• _DATA SECTION_
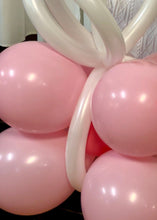 Load image into Gallery viewer, A festive balloon creation shaped like a gift box with pink balloons forming the base and white twisted balloons creating a ribbon bow on top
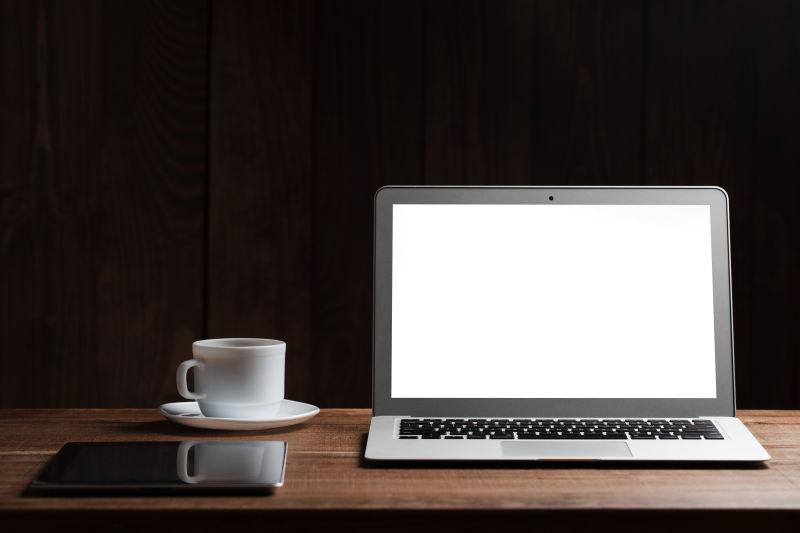 木桌上的咖啡杯笔记本电脑和平板电脑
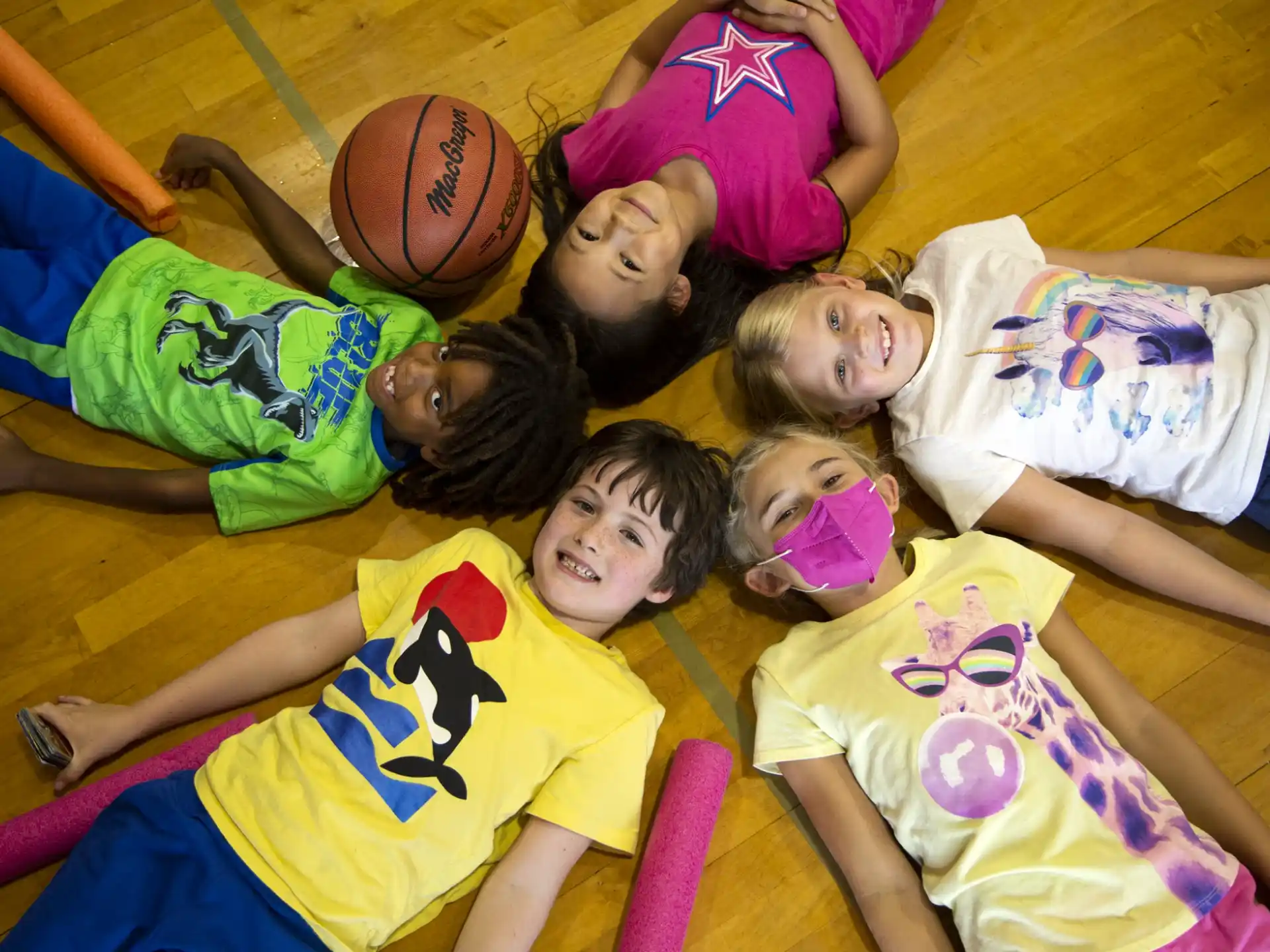 a group of kids lying on the floor with a basketball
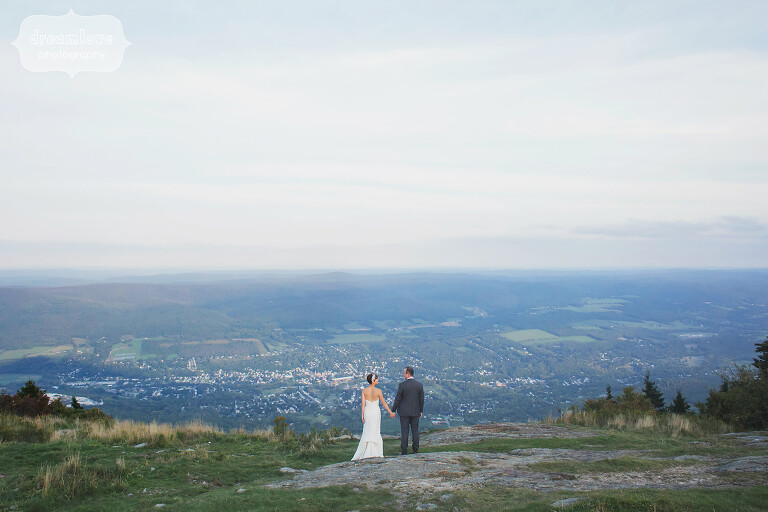 Bride and groom stand on the mountaintop of Mt. Greylock for their Berkshires wedding in western MA.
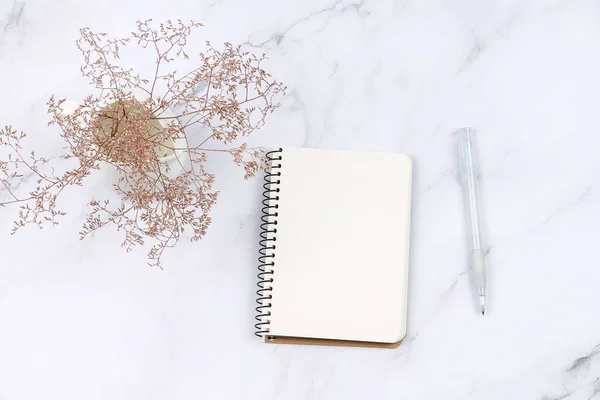 Not defterini, bitkiyi ve kalemi mermer yüzeyde aç. Notlar için boş sayfa.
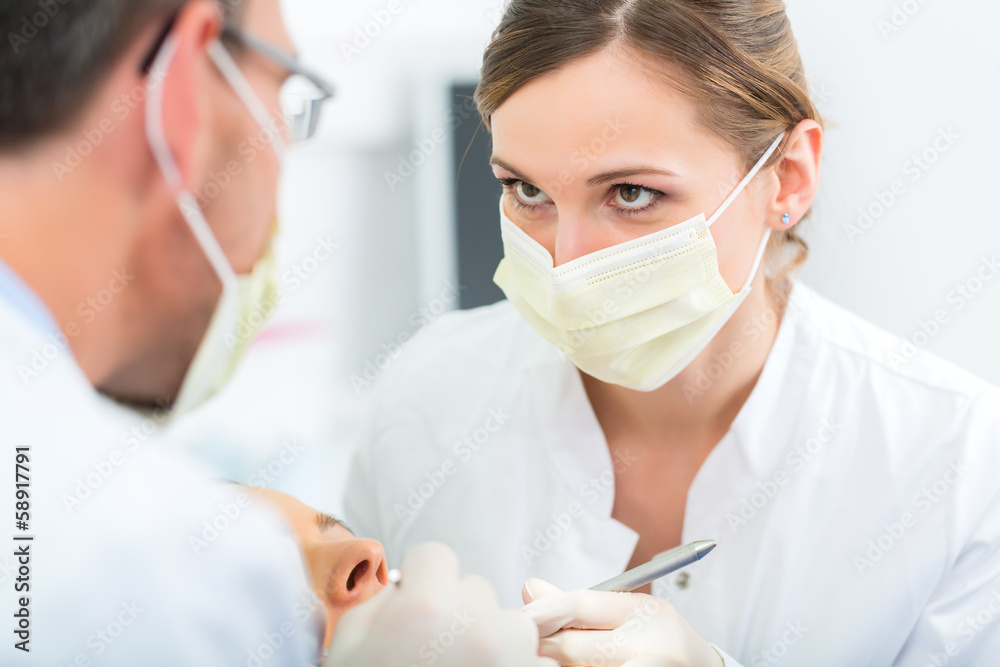 Patient with Dentist - dental treatment Patient with Dentist - dental treatment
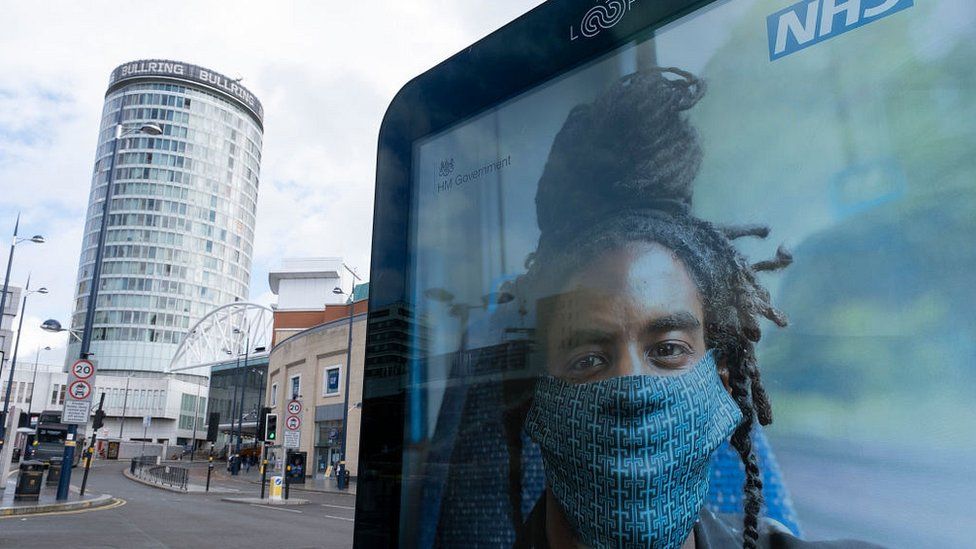 man with locs wearing face-mask on NHS poster
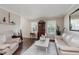 Bright living room with hardwood floors, comfortable seating, and a decorative hutch at 7193 Wythe Dr, Noblesville, IN 46062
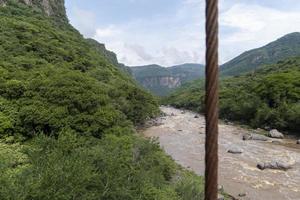 rusty cable, river and mountain in the background, vegetation barranca huentitan, guadalajara photo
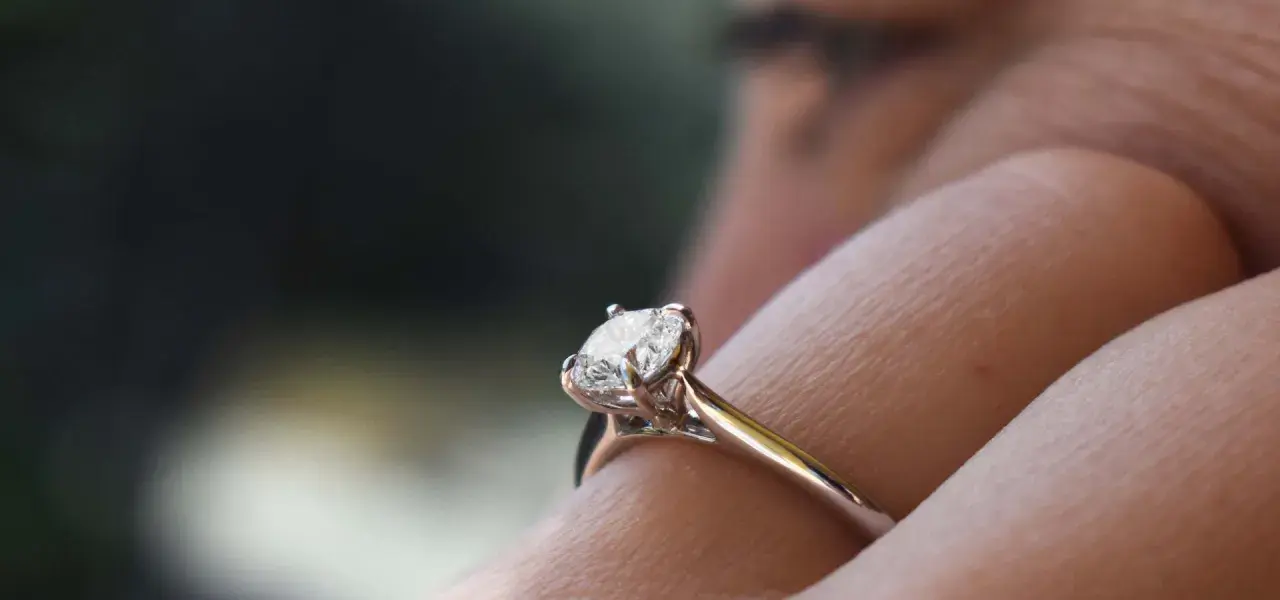 Un anello di fidanzamento con diamante solitario, un classico tra i tipi di anelli di fidanzamento, brilla su un dito.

• _WHAT THE EXERCISE ASKS_
Pictures do not belong in the answer. Return the lines above starting at the one with "木桌上的咖啡杯笔记本电脑和平板电脑" and ending at the one with "man with locs", both kept, exactly.

• _EXERCISE RESULT_
 木桌上的咖啡杯笔记本电脑和平板电脑
 a group of kids lying on the floor with a basketball
 Bride and groom stand on the mountaintop of Mt. Greylock for their Berkshires wedding in western MA.
 Not defterini, bitkiyi ve kalemi mermer yüzeyde aç. Notlar için boş sayfa.
 Patient with Dentist - dental treatment Patient with Dentist - dental treatment
 man with locs wearing face-mask on NHS poster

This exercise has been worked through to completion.